A suboptimal SEI layer can lead to various issues in LMBs, including reduced cycling stability, lower CE, and the formation of Li dendrites, which pose safety risks and decrease the overall battery performance. Electrolyte solvents such as ethylene carbonate (EC) and dimethyl carbonate (DMC) undergo spontaneous reduction and decomposition upon contact with the Li-metal electrode due to its intrinsically low electrochemical potential, leading to the formation of an SEI [63]. The SEI formed on Li metal tends to be fragile and heterogeneous, leading to an uneven Li-ion flux and random Li deposition beneath the SEI owing to the varying spatial resistance [38,64]. This non-uniform SEI facilitates the growth of Li dendrites and the formation of dead lithium. As SEI formation and dead lithium accumulation continue, the electrolyte is consistently consumed, leading to a decrease in the reversible capacity and CE of the battery. Moreover, repeated SEI formation results in the volumetric expansion of lithium metal, inducing mechanical stress within the cell. An excessively thick or unstable SEI can reduce the ionic conductivity, increase the internal resistance of the electrode, and lower the battery-charging speed, thus underscoring the importance of stabilizing the SEI to improve battery performance and prolong the cycle life of LMBs.

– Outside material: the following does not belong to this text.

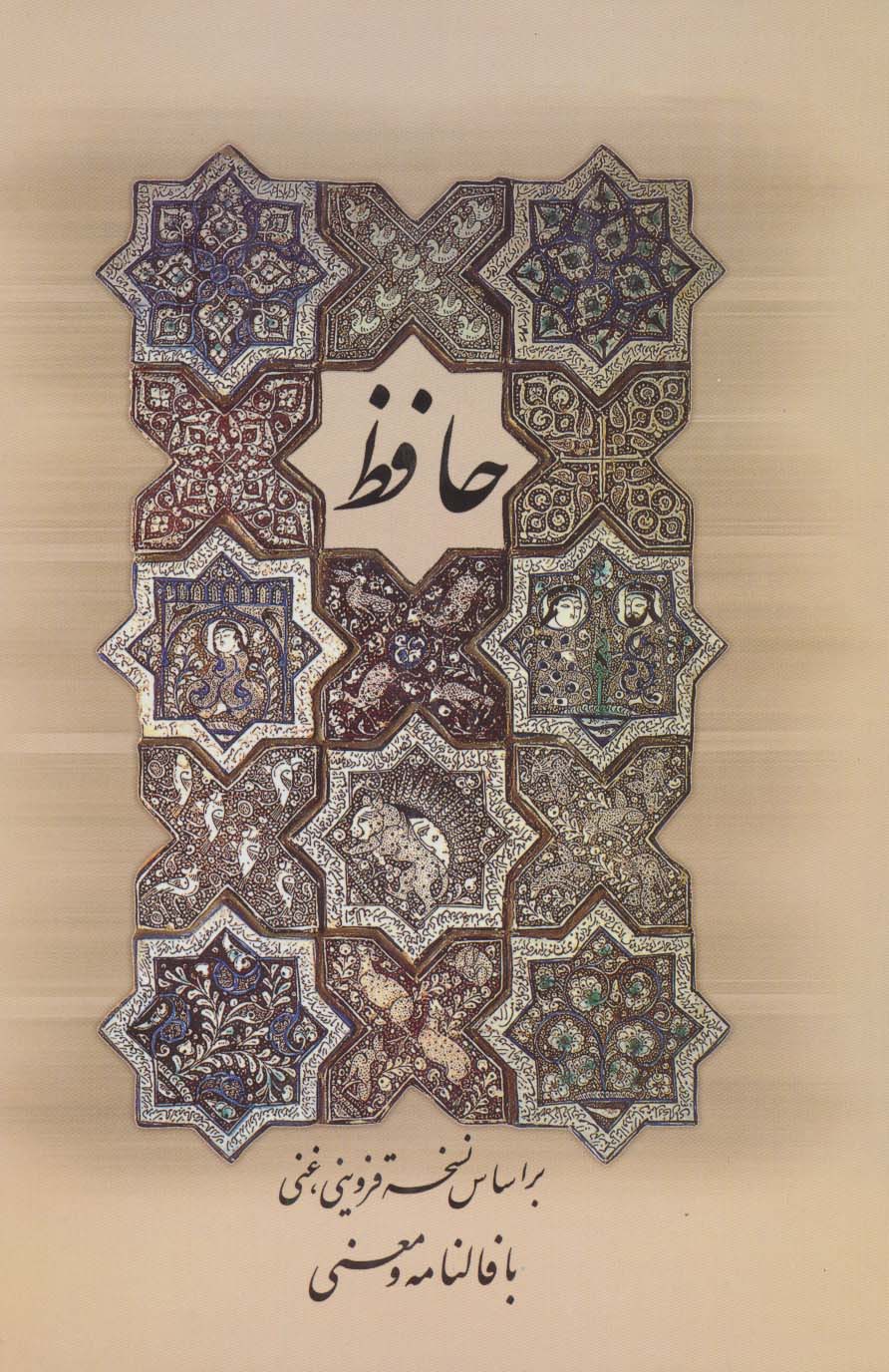 دیوان حافظ (با فالنامه و معنی)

3. Suppression of Li Dendrites: Structured Electrode Strategy

3.1. Protective Layer

The formation of Li dendrites, which undermine the safety and cyclability of LMBs, originates from interfacial issues related to the transport and reduction of Li ions at various interfaces, such as non-uniform Li+ flux, uneven electron distribution, and instability of the SEI at the Li/electrolyte interface [65,66]. These interfacial inhomogeneities promote localized Li nucleation and uncontrolled dendritic growth during repeated plating and stripping cycles [16,67]. Achieving uniform Li-metal deposition necessitates stabilization of the LMB interface. Research on stabilizing the interface has primarily focused on introducing protective layers through two approaches: (1) applying artificial layers and (2) designing a stable SEI through electrolyte engineering. These techniques aim to enhance the ability of the SEI to uniformly distribute the Li-ion flux and prevent the localized deposition of Li, which leads to dendrite formation. An ideal protective layer must be chemically and electrochemically stable and possess a high ionic conductivity, high Young’s modulus, and high yield strength to prevent direct contact between the Li metal and electrolyte, suppress dendrite growth, and withstand significant volumetric changes in the LMBs. Therefore, key factors such as the chemical stability, mechanical properties, ionic conductivity, and corrosion resistance of the protective layers are discussed as they are critical for the design of high-performance LMBs [68].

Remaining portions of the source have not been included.